Orbán explains bank purchase; backs Sunday closings

The government does not wish to establish a big state-owned lender by purchasing the Budapest Bank, but to ensure that enough of the banking sector is in Hungarian hands and financing is not suspended in a time of crisis, Prime Minister Viktor Orbán said in an interview on public radio today, Hungarian news agency MTI reported.
The prime minister also suggested that he supports the Sunday closings bill.
Discussing banks, Orbán noted that lending at foreign-owned Hungarian banks stopped "in an instant" as soon as the global financial crisis arrived.
Yesterday, National Economy Minister Mihály Varga announced that the government had agreed to buy Budapest Bank, the country's eighth-biggest lender, from General Electric Group. He said Budapest Bank, as well as the recently acquired MKB Bank, could be privatized within one to two years.
Orbán said the acquisition of Budapest Bank would raise the percentage of the banking sector in Hungarian hands to "well over 50%", a threshold earlier set as a goal by the government.
Speaking about a proposal to restrict shop openings on Sundays, Orbán said the proposal was not about closing stores, but about preventing employers from making people work on Sundays.
Asked about Russia's decision announced earlier in the week to scrap the South Stream gas pipeline, Orbán said "that file has been closed", adding that an alternative to the South Stream and the Nabucco pipelines must be sought.
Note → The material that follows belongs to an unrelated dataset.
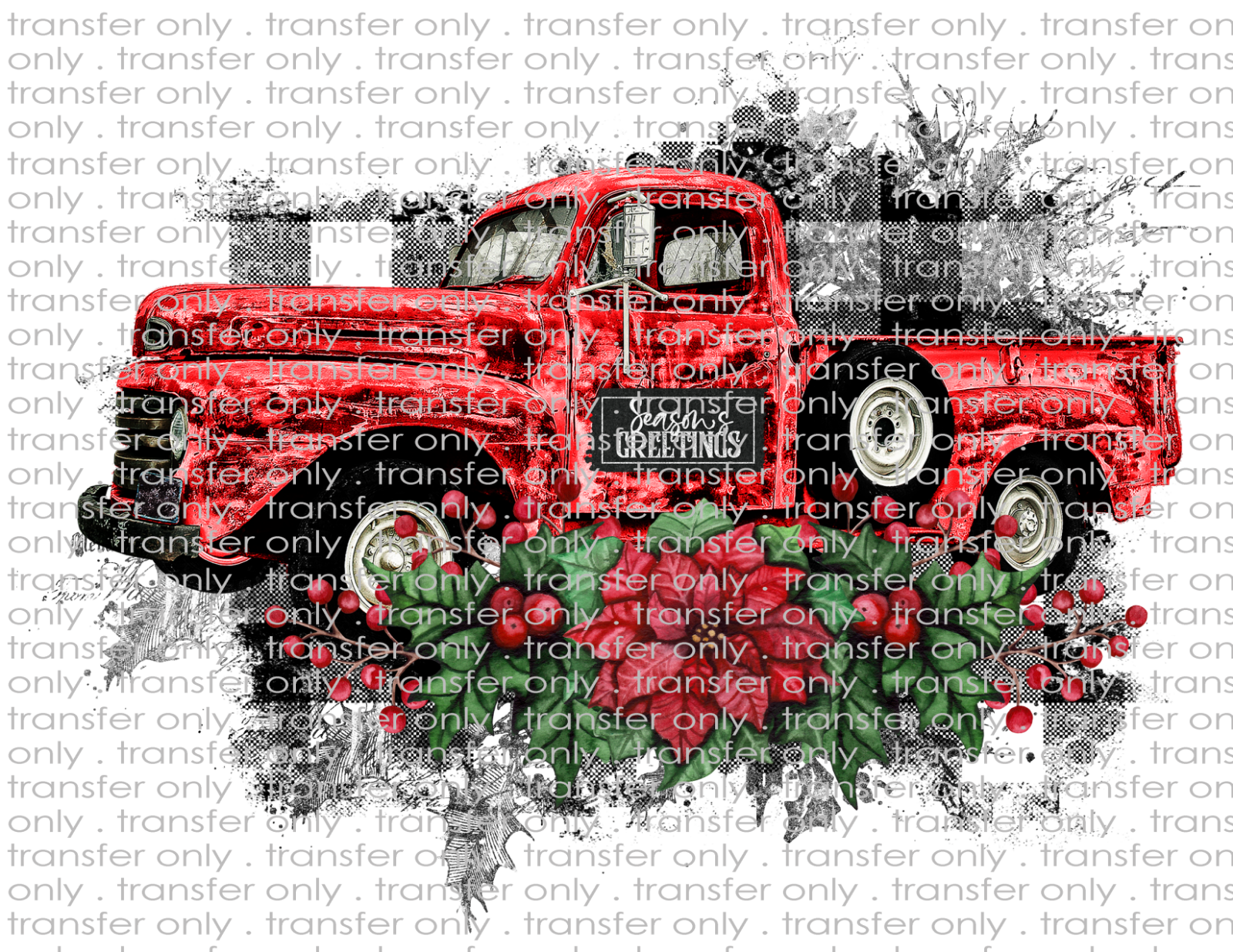 Christmas Old Red Vintage Truck - Waterslide Decals for Tumblers & Furniture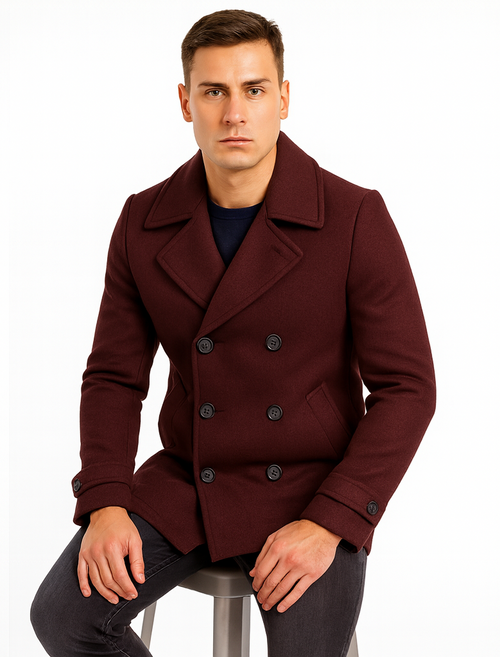 Men's Wool Burgundy ~ Wine Wool Double Breasted Coat ~ Designer men's Wool Peacoat Sale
He said Hungary's strategic agreement with Azerbaijan presented an "opportunity". The aim is to bring a gas line to Hungary that bypasses Ukraine, and to have price competition among suppliers, he added.
In reference to the 2015 budget bill before Parliament, Orbán said the bill shows that national independence is "not only good...but useful in an economic sense". He added that the government's policies had directly served the day-to-day economic interests of Hungarian households, citing reduced energy prices, low inflation, the start of economic growth and more jobs.